INPUT DATA Start Marker
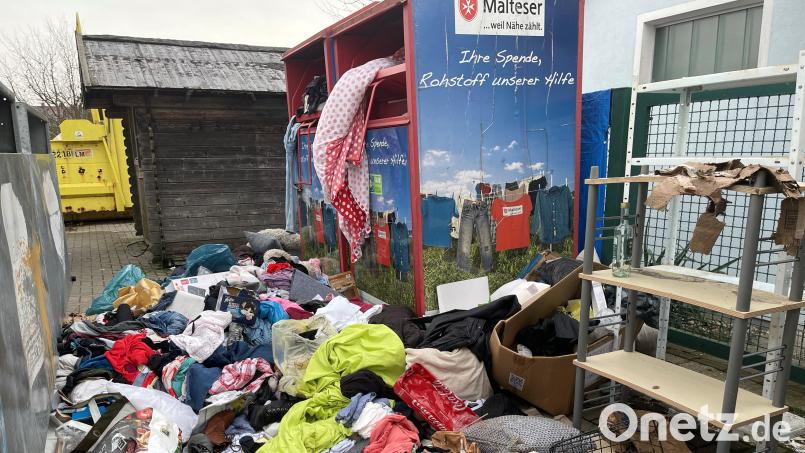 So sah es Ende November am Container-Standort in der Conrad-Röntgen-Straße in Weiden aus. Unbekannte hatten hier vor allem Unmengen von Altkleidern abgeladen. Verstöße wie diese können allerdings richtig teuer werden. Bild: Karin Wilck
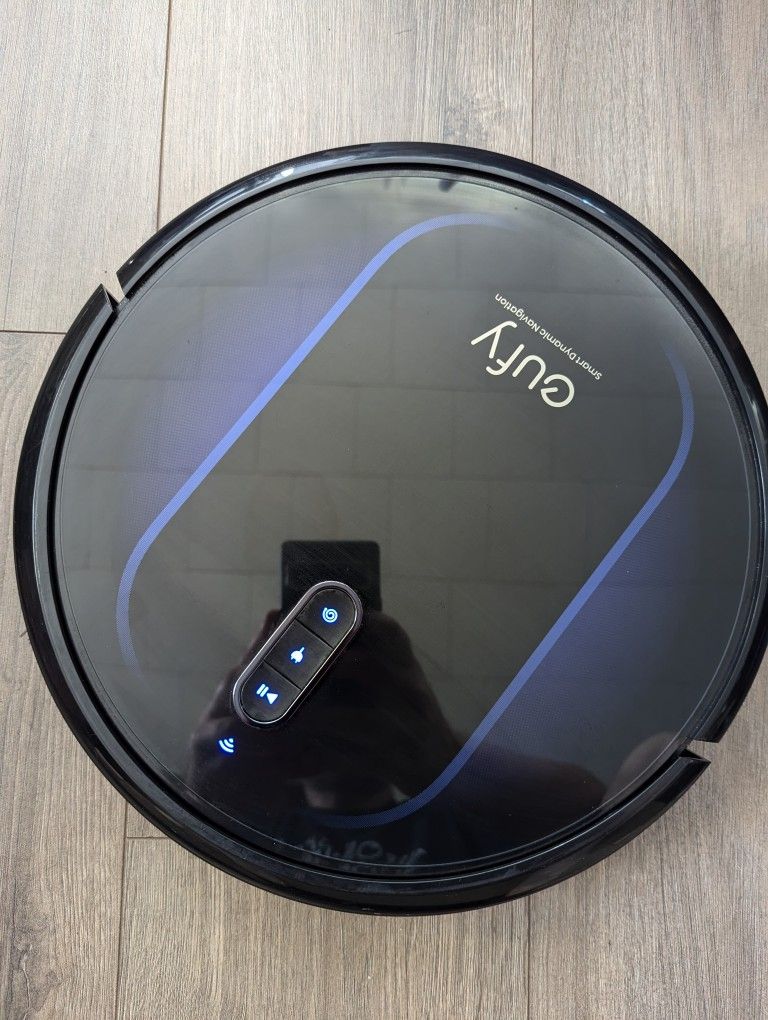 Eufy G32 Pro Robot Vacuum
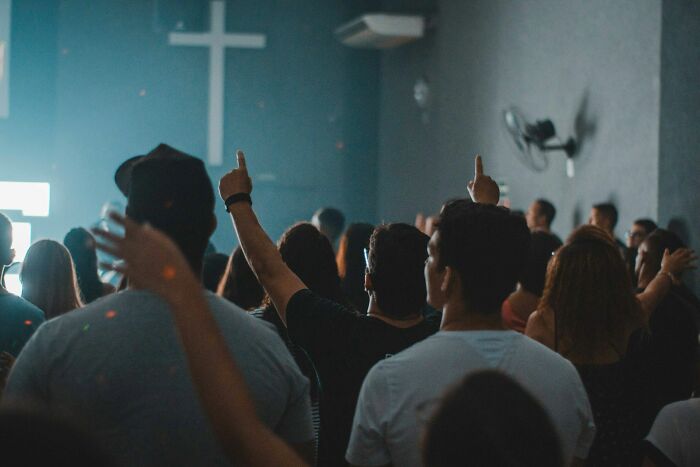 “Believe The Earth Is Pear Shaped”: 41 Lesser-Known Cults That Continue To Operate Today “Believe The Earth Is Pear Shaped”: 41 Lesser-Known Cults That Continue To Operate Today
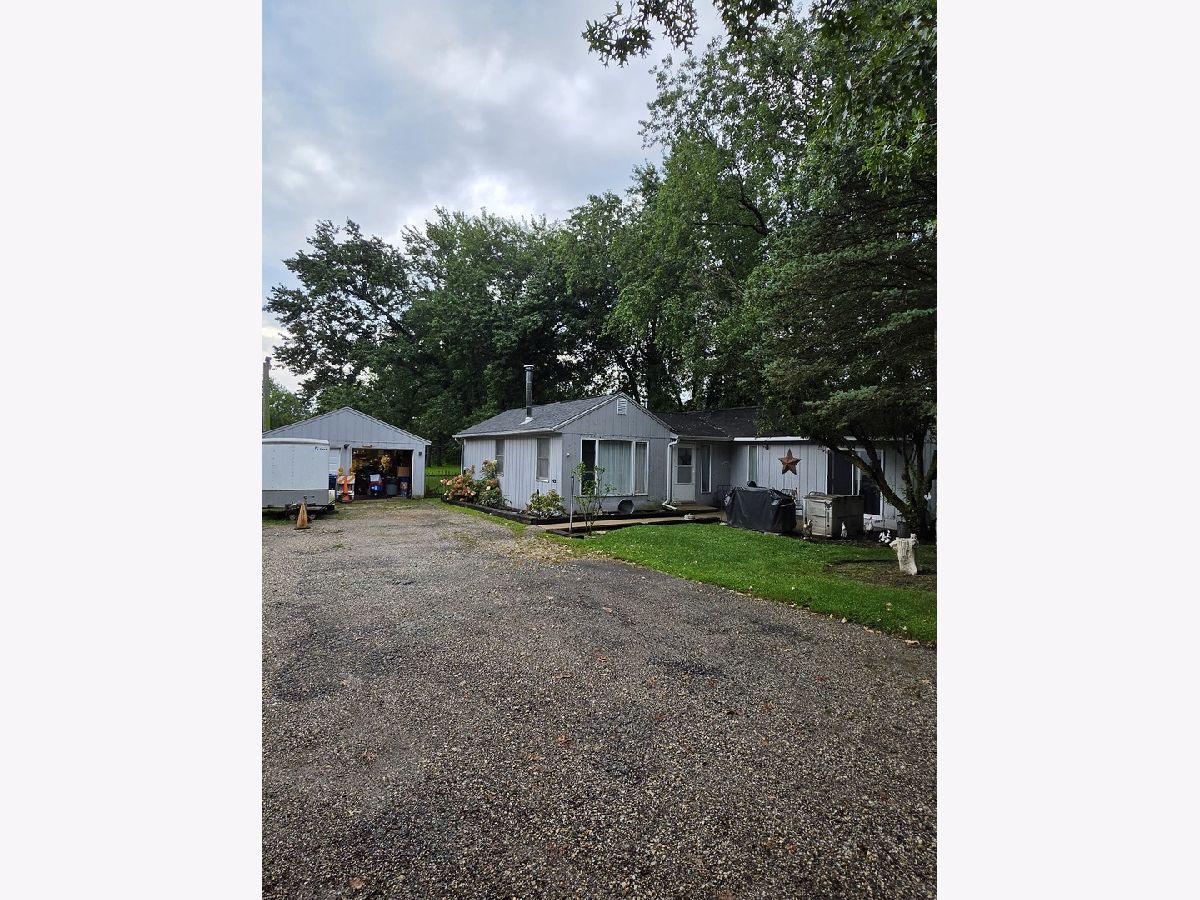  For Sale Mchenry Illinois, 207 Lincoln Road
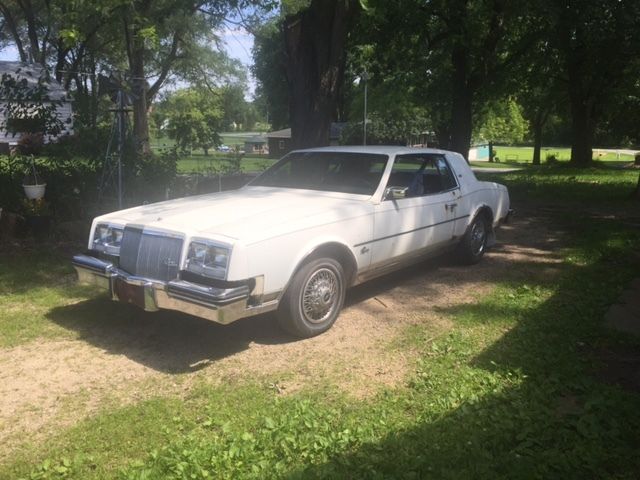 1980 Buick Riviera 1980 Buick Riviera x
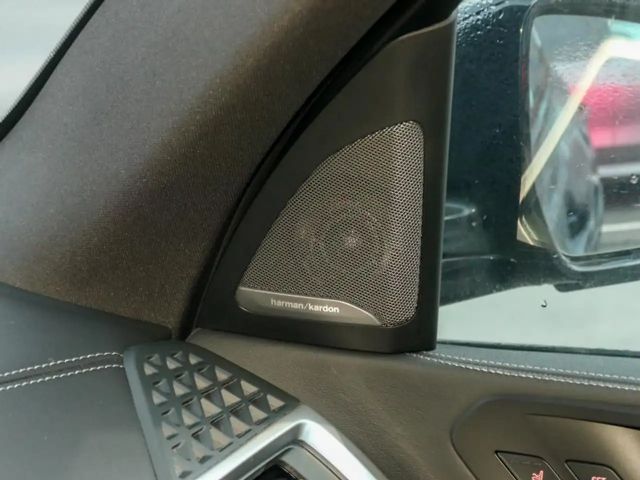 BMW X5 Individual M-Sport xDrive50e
INPUT DATA End Marker
EXERCISE DESCRIPTION:
The expected output is the lines above from the one containing "Eufy G32 Pro Robot Vacuum" to the one containing "1980 Buick Riviera 1980 Buick Riviera x", both ends included, reproduced exactly with every picture left out.

RESULT OF THE EXERCISE:
 Eufy G32 Pro Robot Vacuum
 “Believe The Earth Is Pear Shaped”: 41 Lesser-Known Cults That Continue To Operate Today “Believe The Earth Is Pear Shaped”: 41 Lesser-Known Cults That Continue To Operate Today
  For Sale Mchenry Illinois, 207 Lincoln Road
 1980 Buick Riviera 1980 Buick Riviera x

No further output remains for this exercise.